The benchmark numbers above reflect these optimizations — the large "Subset: True" speedups come from column pushdown.

### 3) Write (Experimental)
Writing support is experimental and compatibility varies across tools. Stata roundtrip tests are included; SPSS roundtrip coverage is limited. Please report issues.

```python
from polars_readstat import write_readstat, write_sas_csv_import

write_readstat(df, "/path/out.dta")
write_readstat(df, "/path/out.sav")
write_sas_csv_import(df, "/path/out/sas_bundle", dataset_name="my_data")
```

`write_readstat` supports Stata (`dta`) and SPSS (`sav`).  
Use `write_sas_csv_import` for SAS-ingestible output (`.csv` + `.sas` import script).
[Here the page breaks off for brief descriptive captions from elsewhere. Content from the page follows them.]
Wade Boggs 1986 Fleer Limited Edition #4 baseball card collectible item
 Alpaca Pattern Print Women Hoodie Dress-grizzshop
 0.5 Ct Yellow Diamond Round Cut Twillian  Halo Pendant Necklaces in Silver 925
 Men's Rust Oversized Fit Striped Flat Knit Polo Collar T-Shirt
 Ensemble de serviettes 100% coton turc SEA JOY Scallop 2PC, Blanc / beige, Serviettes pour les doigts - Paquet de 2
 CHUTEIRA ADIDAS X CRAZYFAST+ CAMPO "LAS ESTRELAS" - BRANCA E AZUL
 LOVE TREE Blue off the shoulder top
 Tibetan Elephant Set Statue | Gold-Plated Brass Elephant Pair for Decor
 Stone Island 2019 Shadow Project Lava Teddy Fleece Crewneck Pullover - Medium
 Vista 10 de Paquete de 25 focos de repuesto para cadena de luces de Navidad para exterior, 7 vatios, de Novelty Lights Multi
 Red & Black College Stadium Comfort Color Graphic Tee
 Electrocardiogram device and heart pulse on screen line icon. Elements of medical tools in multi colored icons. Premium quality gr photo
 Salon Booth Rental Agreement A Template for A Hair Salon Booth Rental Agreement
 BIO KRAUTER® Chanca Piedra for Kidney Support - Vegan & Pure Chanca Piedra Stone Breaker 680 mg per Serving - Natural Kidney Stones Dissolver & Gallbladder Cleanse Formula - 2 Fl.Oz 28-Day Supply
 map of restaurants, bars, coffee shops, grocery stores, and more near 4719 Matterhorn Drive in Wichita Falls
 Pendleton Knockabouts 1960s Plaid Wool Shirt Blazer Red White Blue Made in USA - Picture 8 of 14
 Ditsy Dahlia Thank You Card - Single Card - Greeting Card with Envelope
Binary `.sas7bdat` writing is not currently supported.

## Docs

View the docs at [https://jrothbaum.github.io/polars_readstat/](https://jrothbaum.github.io/polars_readstat/) for more information on the options you can pass to the scan and write functions.

## Benchmark

Benchmarks compare four scenarios: 1) load the full file, 2) load a subset of columns (Subset:True), 3) filter to a subset of rows (Filter: True), 4) load a subset of columns and filter to a subset of rows (Subset:True, Filter: True).

Benchmark context:
- Machine: AMD Ryzen 7 8845HS (16 cores), 14 GiB RAM, Linux Mint 22
- Storage: external SSD
- Last run: May 14, 2026 — `polars-readstat` v0.17.0 vs pandas and pyreadstat
- Method: wall-clock timings via Python `time.time()`

### Compared to Pandas and Pyreadstat (using read_file_multiprocessing for parallel processing in Pyreadstat)
#### SAS
all times in seconds (speedup relative to pandas in parenthesis below each)
| Library | Full File | Subset: True | Filter: True | Subset: True, Filter: True |
|---------|------------------------------|-----------------------------|-----------------------------|----------------------------|
| polars_readstat | 0.55<br>(3.9×) | 0.07<br>(28.4×) | 1.46<br>(2.0×) | 0.08<br>(39.4×) |
| pandas | 2.16 | 1.99 | 2.93 | 3.15 |
| pyreadstat | 6.76<br>(0.3×) | 1.64<br>(1.2×) | 7.86<br>(0.4×) | 2.18<br>(1.4×) |

#### Stata
all times in seconds (speedup relative to pandas in parenthesis below each)
| Library | Full File | Subset: True | Filter: True | Subset: True, Filter: True |
|---------|------------------------------|-----------------------------|-----------------------------|----------------------------|
| polars_readstat | 0.16<br>(7.3×) | 0.10<br>(11.7×) | 0.18<br>(7.3×) | 0.09<br>(13.8×) |
| pandas | 1.17 | 1.17 | 1.31 | 1.24 |
| pyreadstat | 5.48<br>(0.2×) | 4.57<br>(0.3×) | 5.67<br>(0.2×) | 7.69<br>(0.2×) |

#### SPSS
all times in seconds (speedup relative to pandas in parenthesis below each)
| Library | Full File | Subset: True | Filter: True | Subset: True, Filter: True |
|---------|------------------------------|-----------------------------|-----------------------------|----------------------------|
| polars_readstat | 1.09<br>(62.5×) | 0.15<br>(3.9×) | 1.10<br>(62.4×) | 0.15<br>(3.9×) |
| pandas | 68.12 | 0.59 | 68.67 | 0.59 |
| pyreadstat | 3.06<br>(22.3×) | 1.15<br>(0.5×) | 7.09<br>(9.7×) | 1.23<br>(0.5×) |

#### zsav
all times in seconds (speedup relative to pandas in parenthesis below each)
| Library | Full File | Subset: True | Filter: True | Subset: True, Filter: True |
|---------|------------------------------|-----------------------------|-----------------------------|----------------------------|
| polars_readstat | 3.97<br>(5.9×) | 1.04<br>(2.1×) | 4.77<br>(4.7×) | 1.15<br>(2.0×) |
| pandas | 23.47 | 2.20 | 22.40 | 2.29 |

Detailed benchmark notes and dataset descriptions are in `BENCHMARKS.md`.


## Tests run

Test coverage includes:
- Cross-library comparisons on the pyreadstat and pandas test data, checking results against `polars-readstat==0.11.1`, [pyreadstat](https://github.com/Roche/pyreadstat), and [pandas](https://github.com/pandas-dev/pandas).
- Stata/SPSS read/write roundtrip tests.
- Large-file read/write benchmark runs on real-world data (results below).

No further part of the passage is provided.